*Task statement*. Please copy out every line in the entries that includes the word "with".

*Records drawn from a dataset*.
== Segment start ==
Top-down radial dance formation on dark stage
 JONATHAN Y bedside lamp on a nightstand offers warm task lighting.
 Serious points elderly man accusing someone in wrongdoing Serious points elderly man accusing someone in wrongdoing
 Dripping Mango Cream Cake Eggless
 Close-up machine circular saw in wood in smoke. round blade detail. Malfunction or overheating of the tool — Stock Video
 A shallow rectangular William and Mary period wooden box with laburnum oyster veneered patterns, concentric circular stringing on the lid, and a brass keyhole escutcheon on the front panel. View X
== Segment end ==
== Segment start ==
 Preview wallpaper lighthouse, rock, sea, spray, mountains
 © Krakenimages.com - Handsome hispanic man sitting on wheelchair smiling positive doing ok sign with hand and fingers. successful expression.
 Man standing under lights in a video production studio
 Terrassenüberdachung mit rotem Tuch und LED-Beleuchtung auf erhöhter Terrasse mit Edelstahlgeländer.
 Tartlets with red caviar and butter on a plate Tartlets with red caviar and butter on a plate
== Segment end ==
*Completed task*.
 A shallow rectangular William and Mary period wooden box with laburnum oyster veneered patterns, concentric circular stringing on the lid, and a brass keyhole escutcheon on the front panel. View X
 © Krakenimages.com - Handsome hispanic man sitting on wheelchair smiling positive doing ok sign with hand and fingers. successful expression.
 Tartlets with red caviar and butter on a plate Tartlets with red caviar and butter on a plate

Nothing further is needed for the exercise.